◆ **TASK REQUIREMENTS**:
Should an entry contain an image, leave the image out and repeat the entry's text exactly.

◆ **Saved data entries**:
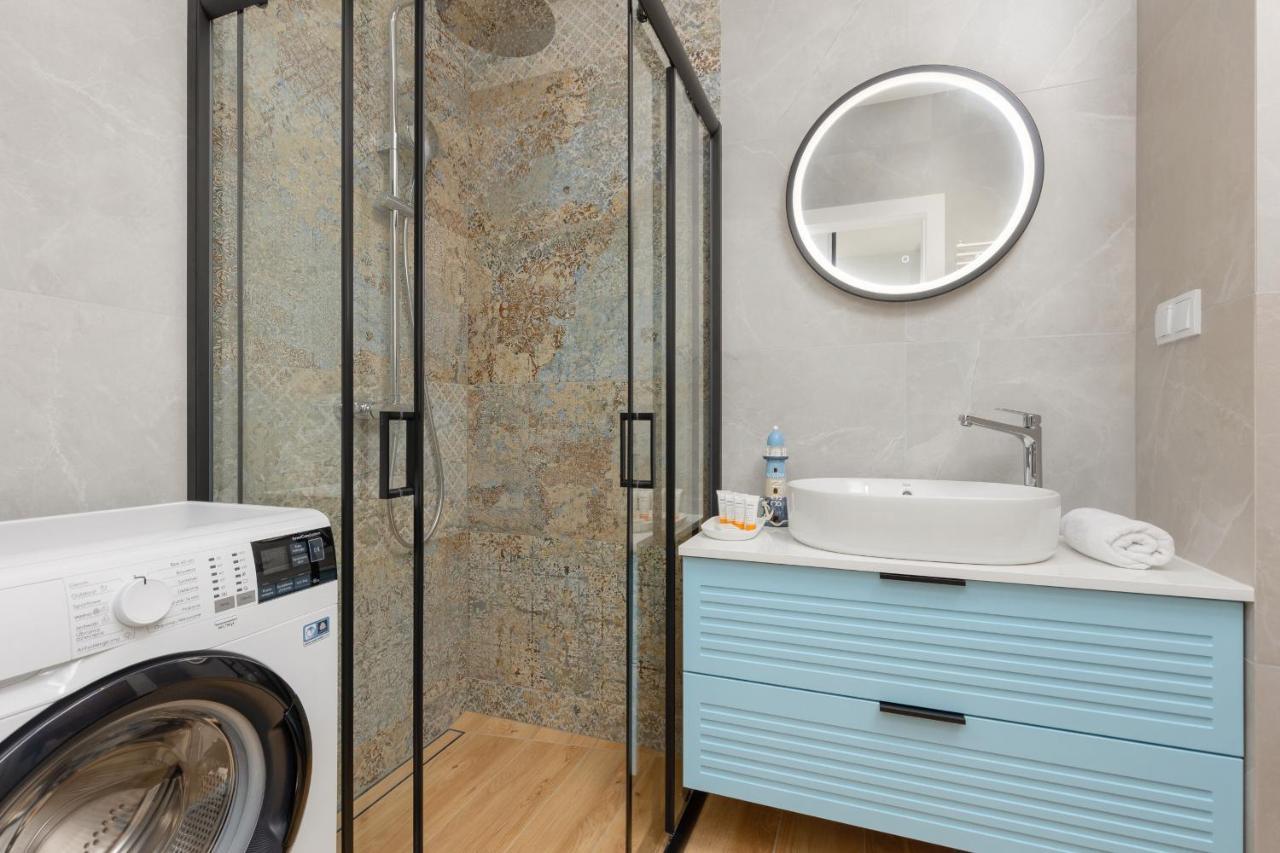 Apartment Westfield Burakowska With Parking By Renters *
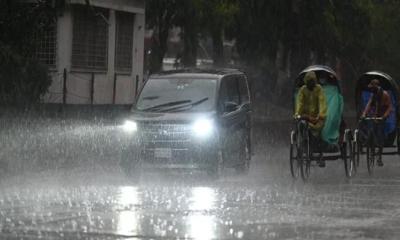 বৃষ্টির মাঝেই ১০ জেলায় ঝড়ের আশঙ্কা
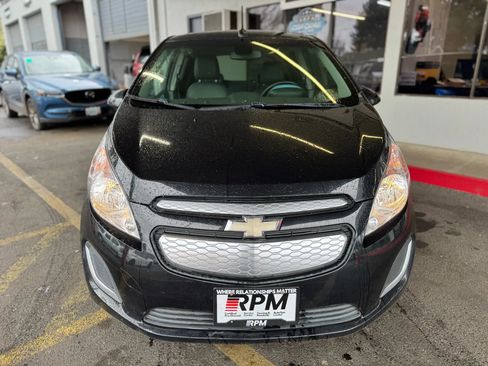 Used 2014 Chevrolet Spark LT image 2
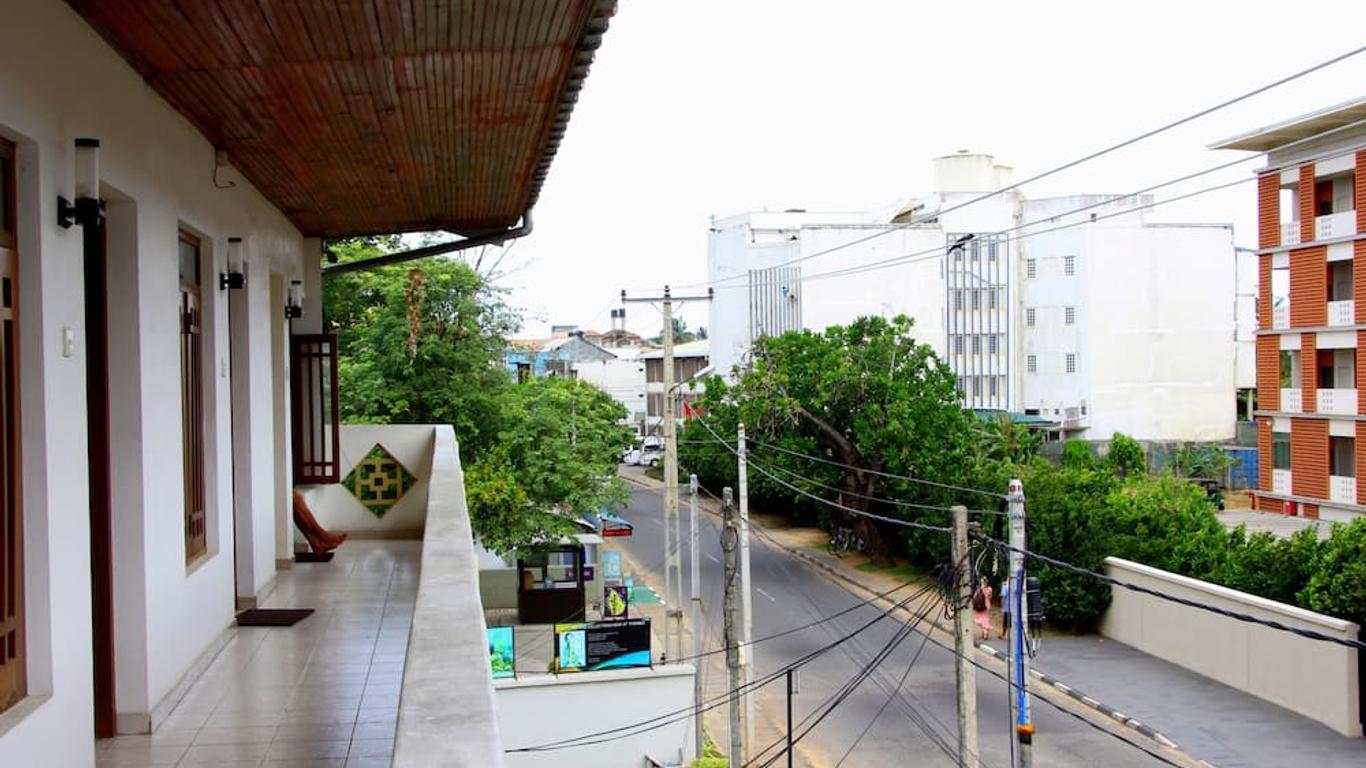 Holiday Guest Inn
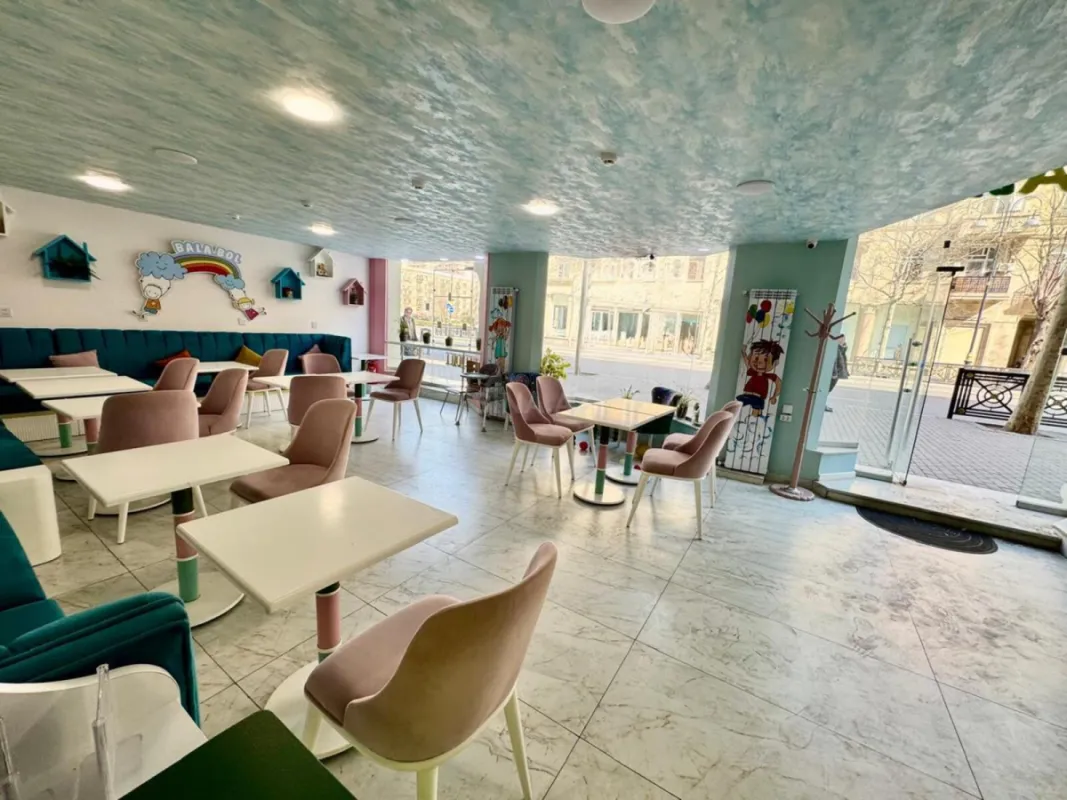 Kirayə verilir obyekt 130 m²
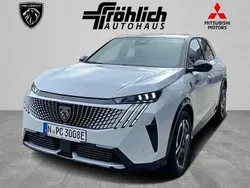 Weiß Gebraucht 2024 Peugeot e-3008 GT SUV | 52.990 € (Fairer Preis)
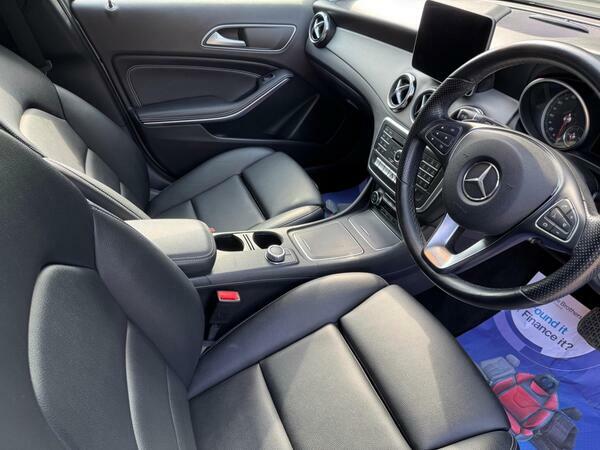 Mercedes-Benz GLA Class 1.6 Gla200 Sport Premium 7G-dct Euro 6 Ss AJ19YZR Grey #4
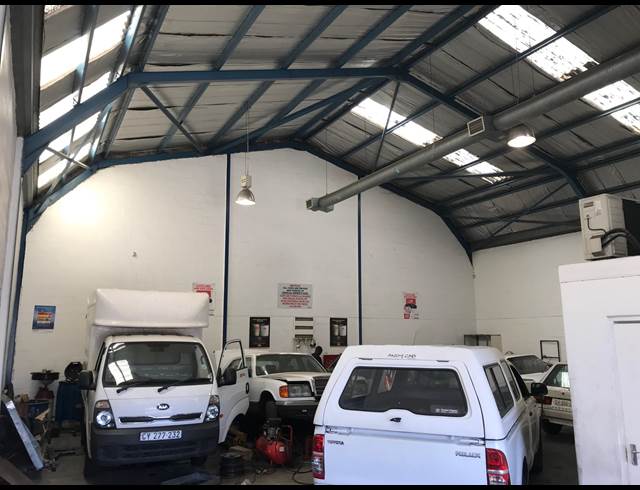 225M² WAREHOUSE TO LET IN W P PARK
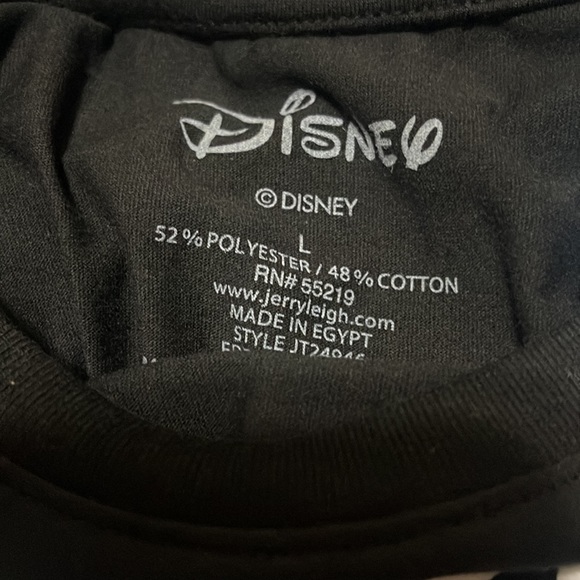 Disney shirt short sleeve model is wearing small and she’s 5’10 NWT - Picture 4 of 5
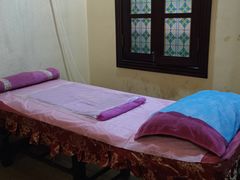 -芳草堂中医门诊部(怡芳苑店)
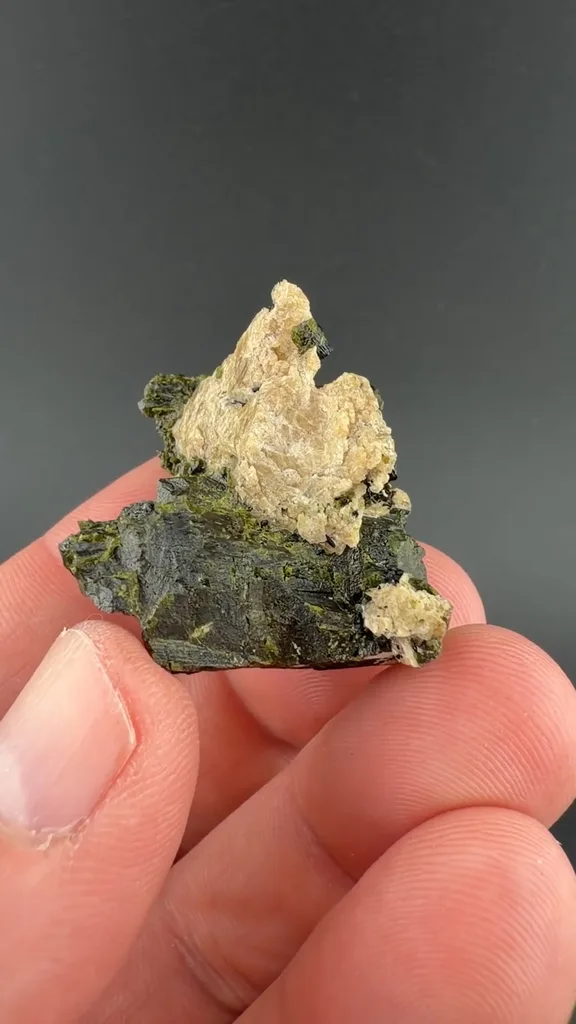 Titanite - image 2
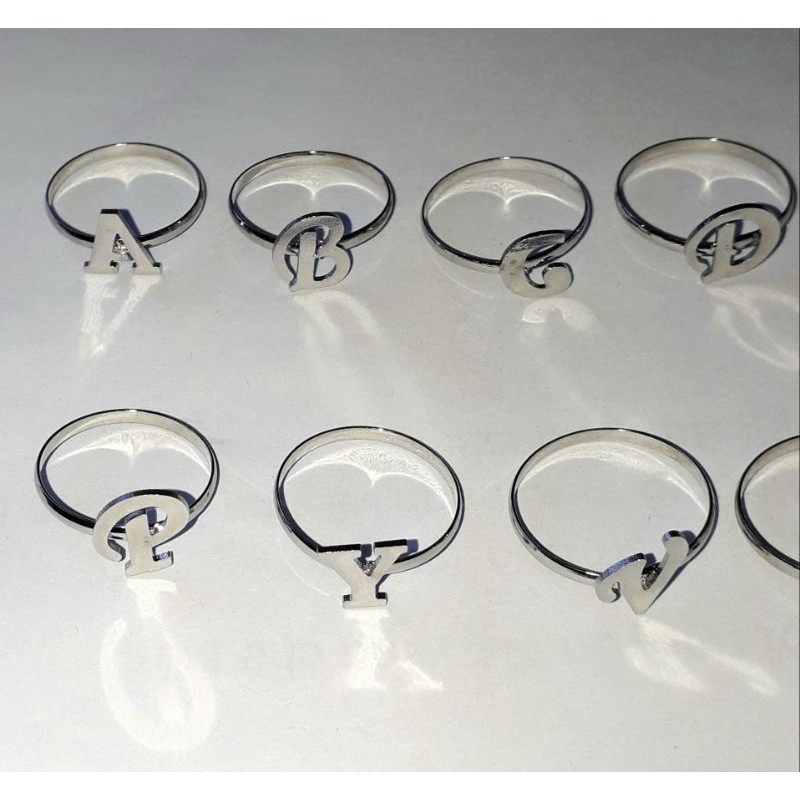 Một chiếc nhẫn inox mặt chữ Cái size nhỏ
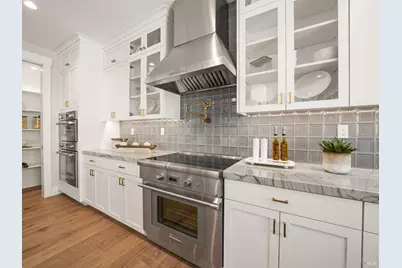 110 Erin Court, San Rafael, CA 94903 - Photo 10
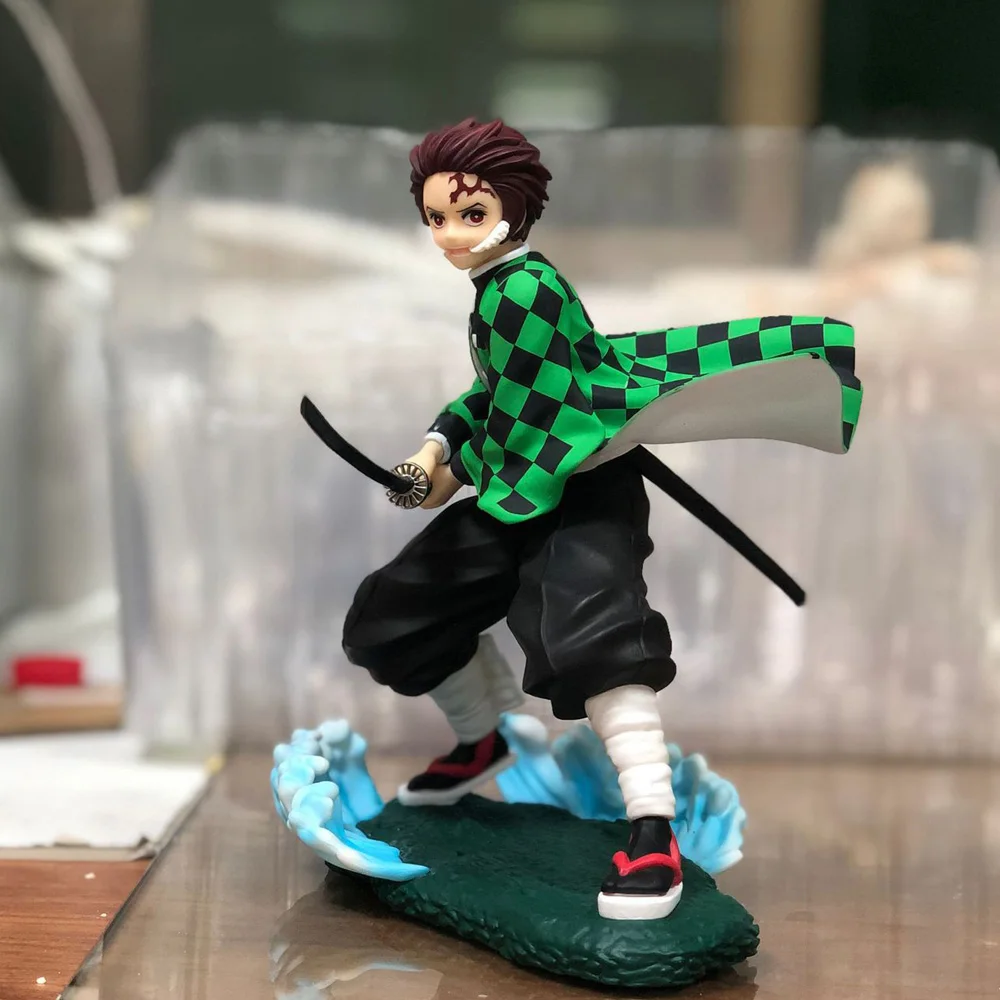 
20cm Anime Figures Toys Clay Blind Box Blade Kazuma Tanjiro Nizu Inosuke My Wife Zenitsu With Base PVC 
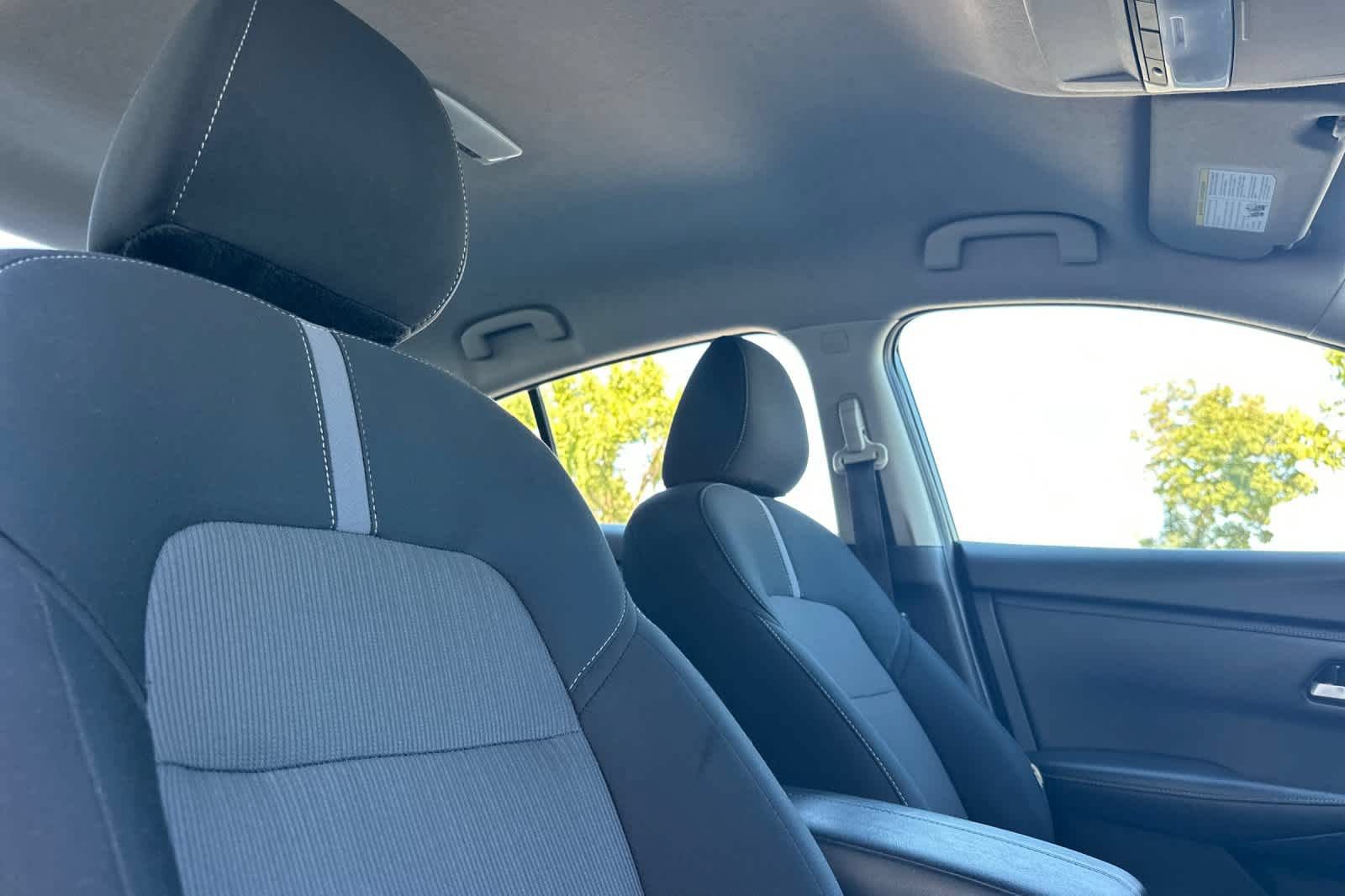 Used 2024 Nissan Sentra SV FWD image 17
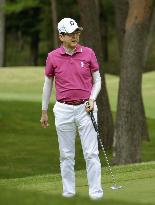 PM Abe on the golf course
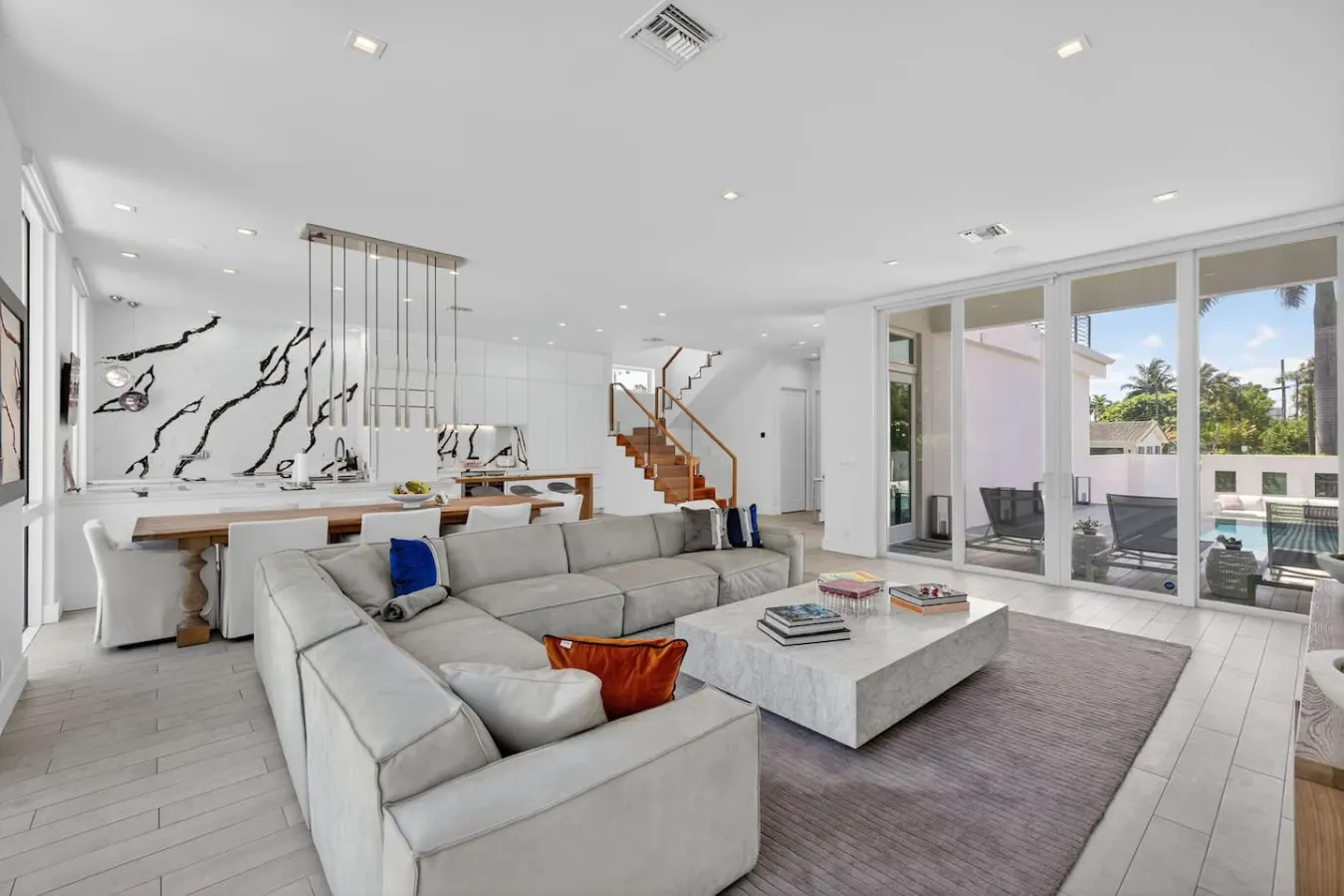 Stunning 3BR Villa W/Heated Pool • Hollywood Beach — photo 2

◆ **OUTPUT FOR THIS EXERCISE**:
 Apartment Westfield Burakowska With Parking By Renters *
 বৃষ্টির মাঝেই ১০ জেলায় ঝড়ের আশঙ্কা
 Used 2014 Chevrolet Spark LT image 2
 Holiday Guest Inn
 Kirayə verilir obyekt 130 m²
 Weiß Gebraucht 2024 Peugeot e-3008 GT SUV | 52.990 € (Fairer Preis)
 Mercedes-Benz GLA Class 1.6 Gla200 Sport Premium 7G-dct Euro 6 Ss AJ19YZR Grey #4
 225M² WAREHOUSE TO LET IN W P PARK
 Disney shirt short sleeve model is wearing small and she’s 5’10 NWT - Picture 4 of 5
 -芳草堂中医门诊部(怡芳苑店)
 Titanite - image 2
 Một chiếc nhẫn inox mặt chữ Cái size nhỏ
 110 Erin Court, San Rafael, CA 94903 - Photo 10
20cm Anime Figures Toys Clay Blind Box Blade Kazuma Tanjiro Nizu Inosuke My Wife Zenitsu With Base PVC 
 Used 2024 Nissan Sentra SV FWD image 17
 PM Abe on the golf course
 Stunning 3BR Villa W/Heated Pool • Hollywood Beach — photo 2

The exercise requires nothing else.